Remix.run Logo
cheema33 3 hours ago

Computer use and screenshots are context intensive. Text is not. The more context you give to an LLM, the dumber it gets. Some people think at 40% context utilization, the LLM starts to get into the dumb zone. That is where the limitations are as of today. This is why CLI based tools like Claude Code are so good. And any attempt at computer use has fallen by the wayside.

There are some potential solutions to this problem that come to mind. Use subagents to isolate the interesting bits about a screenshot and only feed that to the main agent with a summary. This will all still have a significantly higher token usage compared to a text based interface, but something like this could potentially keep the LLM out of the dumb zone a little longer.

fragmede 2 hours ago | parent [-]

> And any attempt at computer use has fallen by the wayside.

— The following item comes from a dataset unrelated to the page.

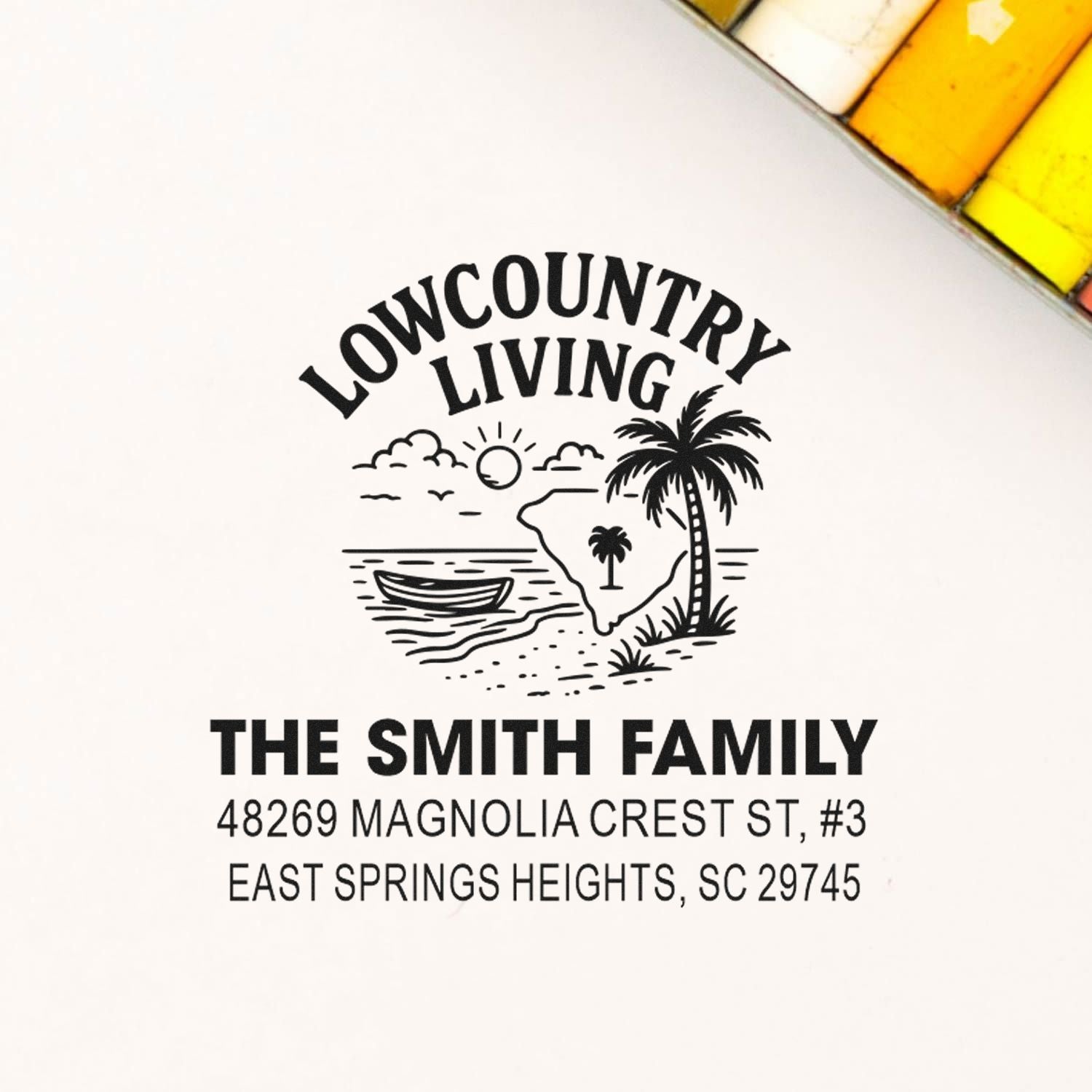 Custom family return address rubber stamp with Lowcountry Living coastal palm design for The Smith Family, South Carolina.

You're totally right! I mean, aside from Anthropic launching "Cowork: Claude Code for the rest of your work" 5 days ago. :)

https://claude.com/blog/cowork-research-preview

https://news.ycombinator.com/item?id=46593022

More to the point though, you should be using Agents in Claude Code to limit context pollution. Agents run with their own context, and then only return salient details. Eg, I have an Agent to run "make" and return the return status and just the first error message if there is one. This means the hundreds/thousands of lines of compilation don't pollute the main Claude Code context, letting me get more builds in before I run out of context there.